On the interior, the door panels repeat this pattern and are also backlit. This goes far beyond the footwell or “puddle” lighting you see today, and Arroba says though it’s impossible to let light pass through the doors of a car, the intention is to invoke the backlighting of a sunlit traditional Japanese home, where papery shoji screens let light leak through in glowing translucence. Most of the surfaces are also completely seamless, with what Arroba calls “coffee-table-like surfaces.” Plus, every “button” is no longer mechanical, but haptic. Touch a switch and you feel a mild pulse through your fingertip.

Alfonso Albaisa, senior vice president for global design for Nissan, says that one huge underused function is communicating directly through design—conveying the capabilities and functions of cars without needing an instruction manual. The American Automobile Association recently reported that pedestrian detection tech in newer cars works poorly at night, but that customers weren’t well aware of this weakness and were thus relying too much on technology to save them from the curse of driver distraction. Albaisa says, “It’s a vicious cycle. Right when there is more safety technology there are suddenly 2,000 [other] apps available.”

by Michael Frank

Neither design expert claims knowledge of an easy solution, but like communicating how a gearshift works, carmakers, Albaisa says, have to learn how to signal function and capability intuitively—and also how to signal the limits of technology.
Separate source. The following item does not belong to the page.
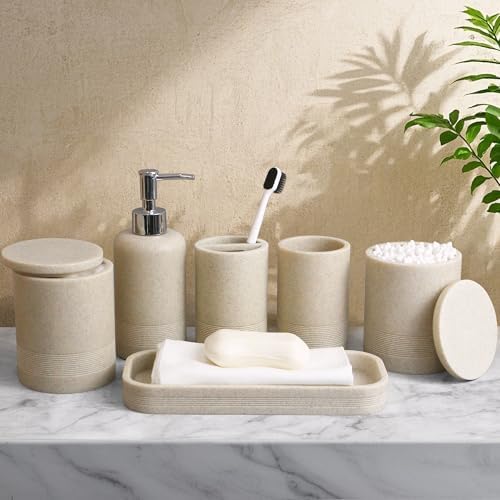 LIN CHUAN modern beige countertop organizer set with two cotton swab jars and a rinsing tumbler arranged on a matching tray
As for the exterior, Arroba noted that Ariya isn’t an idyllic concept, but does represent a turn in Nissan design. As such, he pushed for his team of designers to employ sharp edges, but he stresses that’s not about purposeless show, but a few, direct, clear lines. “We have this idea at Nissan called timeless futurism,” he says. Arroba admits that this sounds anachronistic. “There’s a tension in there, but ultimately it’s about the elimination of the inessential. Pure things have a longer lifespan.”

by Michael Frank

As for the IMk, Arroba notes that in Japan one of the most popular cars is the tiny Kei model, which is really meant as an urban runabout. But they’re not EVs—yet. Arroba says small cars are too frequently unfashionable, and adds that it’s key that carmakers turn away from a philosophy where inexpensive cars cheat owners out of a premium vibe or feel.

by Michael Frank

The IMk also has a grille that’s more of a display, again with safety tech built in behind the screen, and the driving position relatively high, for a better outward view. Like the Ariya, the cabin was entirely decluttered, with a completely flat floor and a less visual distraction. Like the Ariya, the dash is split-level, with a long, tilted shelf-like plane that spans the cabin—and echoes, gently, the sloped shoulder line on the exterior of both cars. Fabrics look high-end, and there’s a total lack of plastic “sheen” that can easily cheapen the aesthetic.

by Michael Frank

Arroba says that even though the IMk won’t be available for US customers, it, like the Ariya, does signal a significant new design direction for the brand worldwide, and that includes hybrids and electrics. He says Nissans, going forward, both inside and out, are going to look entirely clean. “We’re moving away from lots of slashes and cuts and styling noise,” Albaisa explains. “It’s harder than you think. It’s an effort at completeness, without complexity.”

Hero image courtesy of Nissan

Related

More stories like this one.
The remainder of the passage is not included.